Os Chicago Boys se tornaram verdadeiros embaixadores de
idéias econômicas que na América Latina ficaram conhecidas como
“neoliberalismo”. Muitos deles aderiram ao movimento fascista chileno Pátria e
Liberdade. Às vésperas do golpe, elaboraram um programa econômico que nortearia
as ações da junta militar. Tal programa, um calhamaço de quinhentas páginas,
ficou conhecido como “O Tijolo”. Dos dez autores de “O Tijolo”, oito eram
Chicago Boys. O teor desse documento era muito similar ao livro de Friedman, Capitalismo e Liberdade, e propunha,
dentre outras coisas, privatizações, desregulamentação e cortes nos gastos
sociais, a clássica tríade do livre mercado.
Em princípio, as idéias dos Chicago Boys não encontraram
campo fértil no Chile, como atestou a vitória da coalizão Unidade Popular em
1970. Só depois do golpe de Estado foi possível por em prática suas idéias.

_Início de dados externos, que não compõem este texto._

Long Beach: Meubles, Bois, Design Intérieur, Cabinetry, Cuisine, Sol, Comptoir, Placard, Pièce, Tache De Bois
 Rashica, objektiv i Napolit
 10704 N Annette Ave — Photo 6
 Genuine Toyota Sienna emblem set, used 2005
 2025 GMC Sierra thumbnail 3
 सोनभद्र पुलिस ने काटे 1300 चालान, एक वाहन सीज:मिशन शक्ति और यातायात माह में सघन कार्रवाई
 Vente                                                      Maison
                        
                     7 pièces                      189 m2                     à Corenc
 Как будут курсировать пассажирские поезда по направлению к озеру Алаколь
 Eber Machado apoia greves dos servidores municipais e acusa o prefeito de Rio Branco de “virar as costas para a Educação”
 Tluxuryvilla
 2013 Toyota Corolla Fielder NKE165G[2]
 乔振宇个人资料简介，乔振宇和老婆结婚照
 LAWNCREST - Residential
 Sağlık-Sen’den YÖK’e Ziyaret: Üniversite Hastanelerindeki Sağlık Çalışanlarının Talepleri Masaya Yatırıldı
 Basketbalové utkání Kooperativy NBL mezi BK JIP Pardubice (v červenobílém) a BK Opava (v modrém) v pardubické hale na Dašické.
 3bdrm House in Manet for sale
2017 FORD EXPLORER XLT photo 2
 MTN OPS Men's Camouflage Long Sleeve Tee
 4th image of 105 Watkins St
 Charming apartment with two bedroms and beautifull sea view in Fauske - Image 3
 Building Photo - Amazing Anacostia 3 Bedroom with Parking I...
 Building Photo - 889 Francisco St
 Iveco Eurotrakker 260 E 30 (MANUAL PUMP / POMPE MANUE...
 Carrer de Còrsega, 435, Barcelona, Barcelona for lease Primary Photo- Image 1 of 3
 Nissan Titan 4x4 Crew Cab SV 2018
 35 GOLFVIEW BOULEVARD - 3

Orlando Letelier certa vez afirmou que “os ‘Garotos de Chicago’, como são
conhecidos no Chile, convenceram os generais de que estavam preparados para
suprir a brutalidade dos militares com os ativos intelectuais que possuíam”. De
fato, no 11 de setembro de 1973,
a caserna deu as mãos à austeridade econômica para dar
origem a uma das mais violentas ditaduras do Cone Sul. Assim, ao contrário do
que muitos pensam, a primeira experiência neoliberal não se deu na Inglaterra
de Thatcher ou nos Estados Unidos de Reagan. Nasceu, isso sim, gêmea de uma
sangrenta ditadura militar. Em 1977, Pinochet entregou o Ministério das Finanças
ao chicago boy Sérgio de Castro.
Pinochet privatizou de empresas estatais e bancos a jardins
de infância e cemitérios, permitiu novas formas de especulação financeira,
abriu as fronteiras do país à importação, derrubou tarifas protecionistas,
cortou drasticamente gastos do governo, substituiu o ensino público pelos
créditos estudantis e privatizou o sistema de seguridade social. Sob uma
ditadura, o Chile tornou-se um paradigma do neoliberalismo e os experimentos
dos Chicago Boys naquele país se converteram no germe de um padrão de economia
globalizada e capitalismo sem freios que se espalharia pelo planeta.